Leave out every picture, then transcribe the rest of the listing exactly.

——

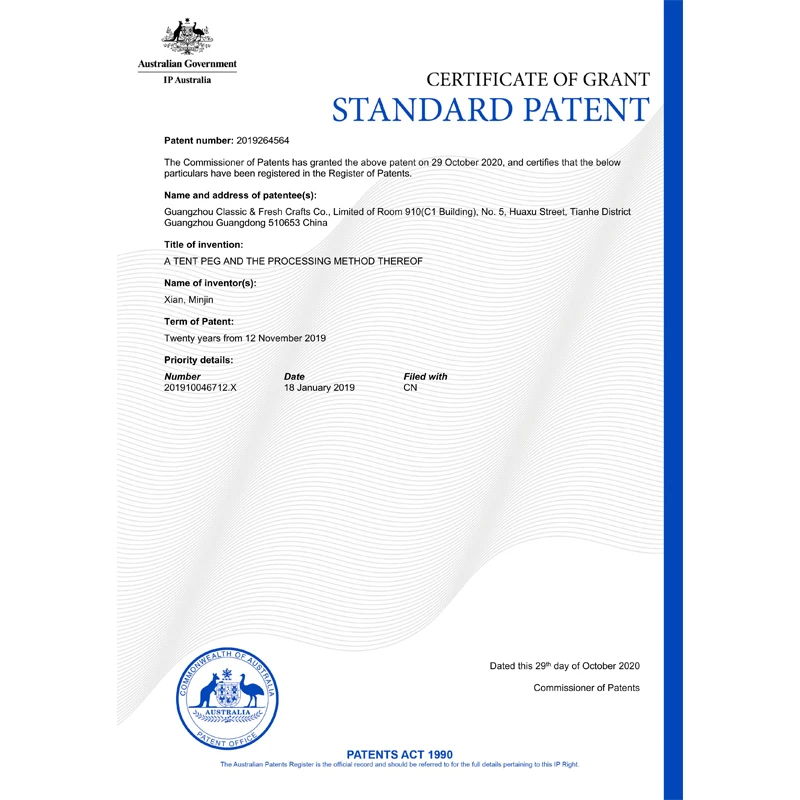 Description Picture 5 of itemUltralight Carbon Fiber Tent Peg, Titanium Alloy, Composite Material, Tent Nail, New Invention, 5G, 5.9in, 15.0cm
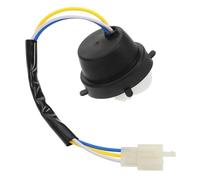 HONMEET Adaptateur de Douille Double Griffe pour Phares Moto Connecteur LED pour Accessoires de Moto Compatible Cyclomoteur et Véhicule Électrique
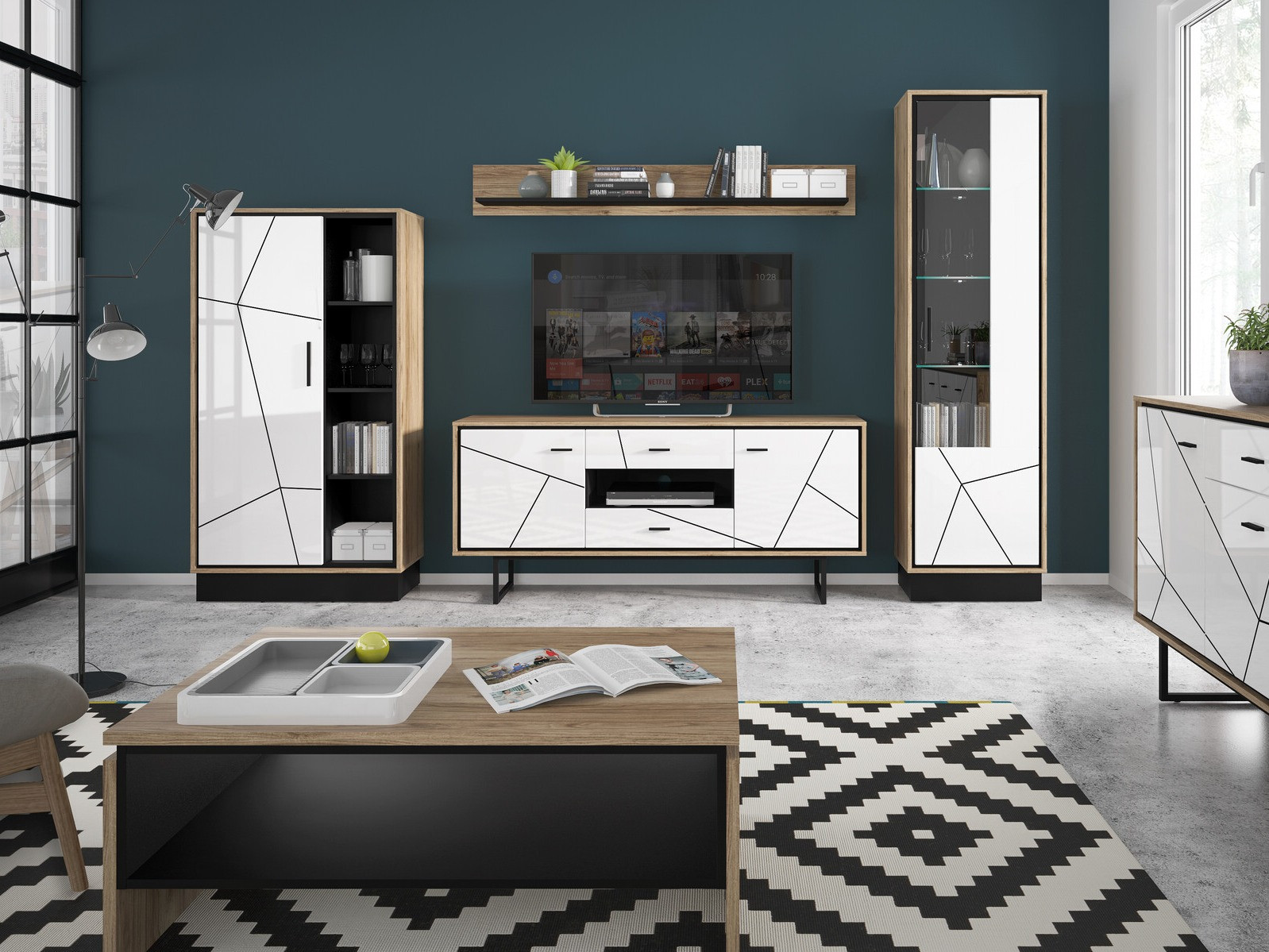 Estantería de pared Ruvmela 103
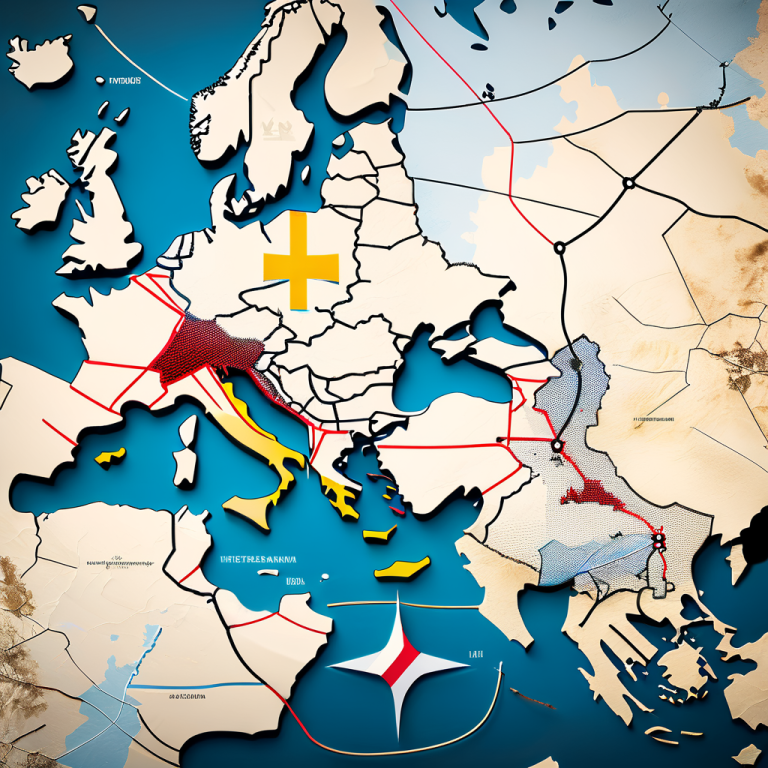 Russland und die Ukraine verstärken ihre Offensiven, während sie eine strategische Schwäche der USA ausnutzen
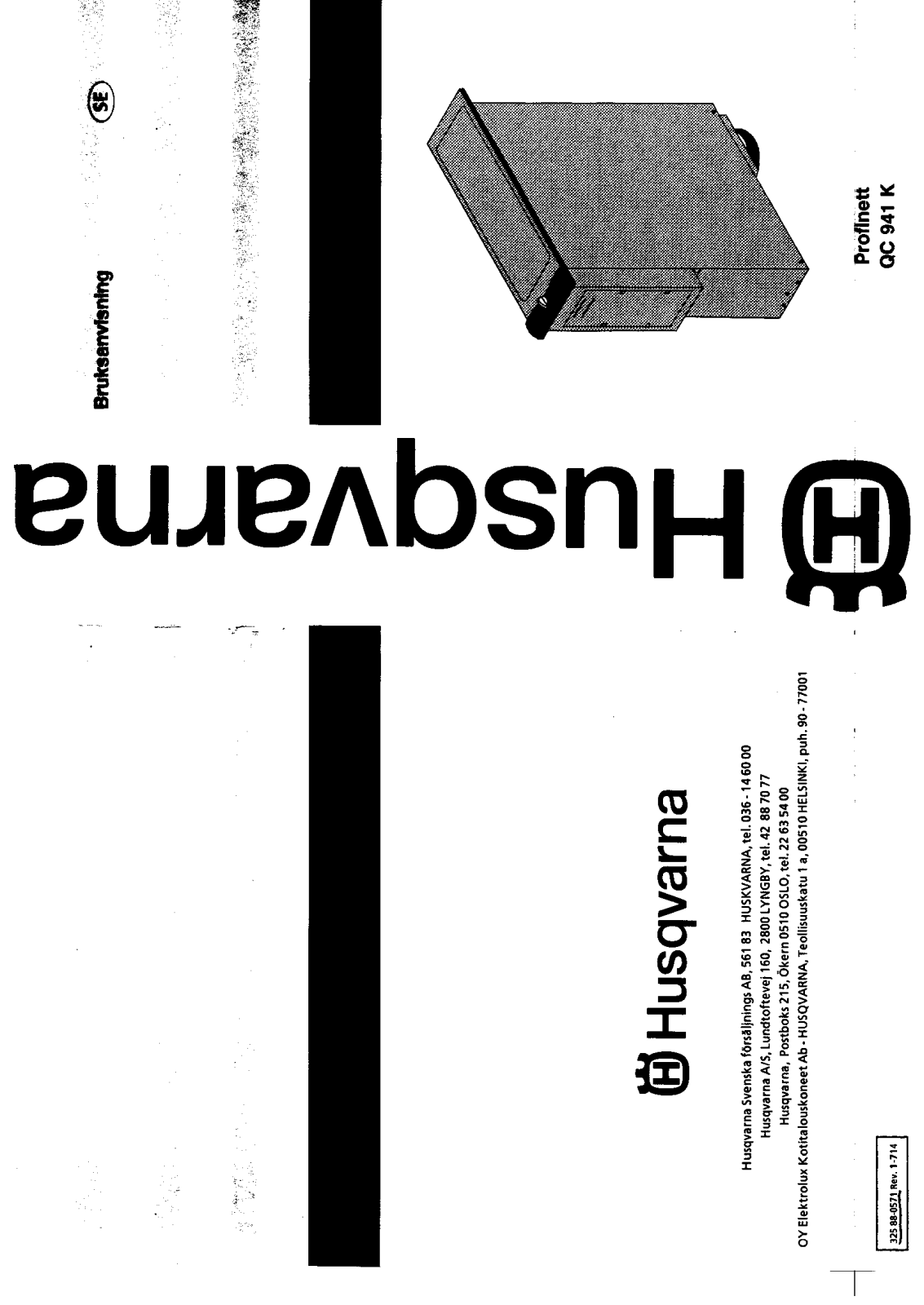 Husqvarna QC941C User Manual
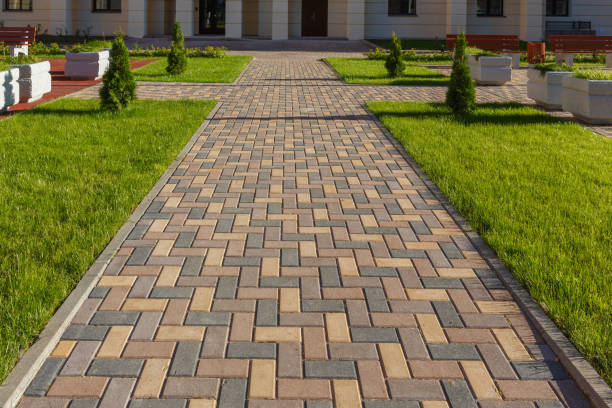 Residential Paver Driveway in Wellston, OH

——

▸ **Task output**
 Description Picture 5 of itemUltralight Carbon Fiber Tent Peg, Titanium Alloy, Composite Material, Tent Nail, New Invention, 5G, 5.9in, 15.0cm
 HONMEET Adaptateur de Douille Double Griffe pour Phares Moto Connecteur LED pour Accessoires de Moto Compatible Cyclomoteur et Véhicule Électrique
 Estantería de pared Ruvmela 103
 Russland und die Ukraine verstärken ihre Offensiven, während sie eine strategische Schwäche der USA ausnutzen
 Husqvarna QC941C User Manual
 Residential Paver Driveway in Wellston, OH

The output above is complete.